Wow I just woke up from a nightmarish nap on my couch when i wrote that last post. Looking back on it, I don't think it makes a damn bit of sense. I think I was awake by the tail end of the post, but what was I saying about HAL 9000? And what's with all the cussing. What a classless moron.

My head hurts.

Anonymous said...

Yes, and when they invented the book they should have stuck with the scroll, and hell, why even use paper? We should have just kept painting walls instead of moving to paper and scrolls in my opinion.
It's social evolution guys, a book is a piece of technology as much as a computer is - we're moving foward, it's a good thing. Embrace it, it's part of what we are - an evolving species.

Unknown said...

I don't think computers are bad for the classroom. I just think schools that only teach on computers are bad. We do need to teach computers and on computers, but not everything.

I just think it takes things too far.

And it isn't like I haven't embraced computers. We don't seem to be communicating by mail.

Anonymous said...

I understand - but hopefully there's going to be a day when there aren't books, when we aren't archaically destroying forests to print information on. It's more productive, more efficient, and has the potential to create less bulk waste. If we live another 100 years and this doesn't happen, it's going to be because of some catastrophic event. One of the real troubles facing the youth of the world. Global terrorism, nuclear weapons, the drug war, how aboutan administration that cares more about inflicting it's religious will on the people than protecting freedom or democracy.
My point is this; There are a lot of problems - computers aren't one of them.

Elias said...

Sure computers can be great learning tools, I just think that it could compound a problem that is a largest youth epidemic facing our country today: physical fitness.

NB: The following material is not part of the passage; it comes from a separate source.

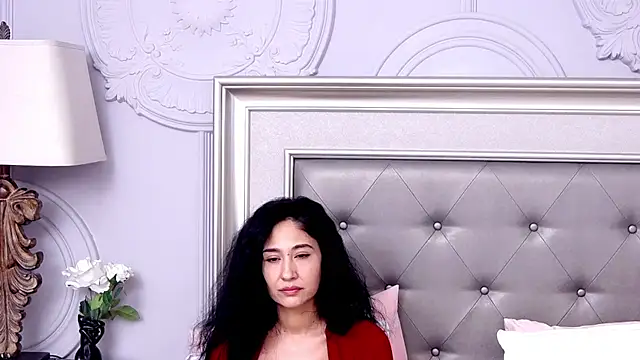 VanessaCulpo online show from February 17, 2025, 6:59 pm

I am amazed at how many unhealthy, impatient and socially retarded shut-ins our computer culture has spawned. I just think that equally progressive physical fitness programs should balance out the computer/technical programs in our public schools. What good is a nation full of computer wizzes if they can't even handle vaccuming their apartments without taking a Diet Pepsi break?

Anonymous said...

Computers aren't the problem, it is the abuse of them and the lack of learning by any other way to function. Not to mention the cost, and if it's not trees we're destroying, it's the computer waste and disposal problems we'll come upon in the future.
Laast time I checked, a notebook costs $.10 and I don't even need to mention the cost of a decent working computer, software, internet, etc.......
So Yes, there are a lot of problems, but I do agree that computers can be one of them.

Anonymous said...

Why must our species look at everything and instantly make a moral judgment? If they weren't teaching enough computers, you'd be complaining. If they were teaching them too much you'd complain. If they were down the middle, someone would complain.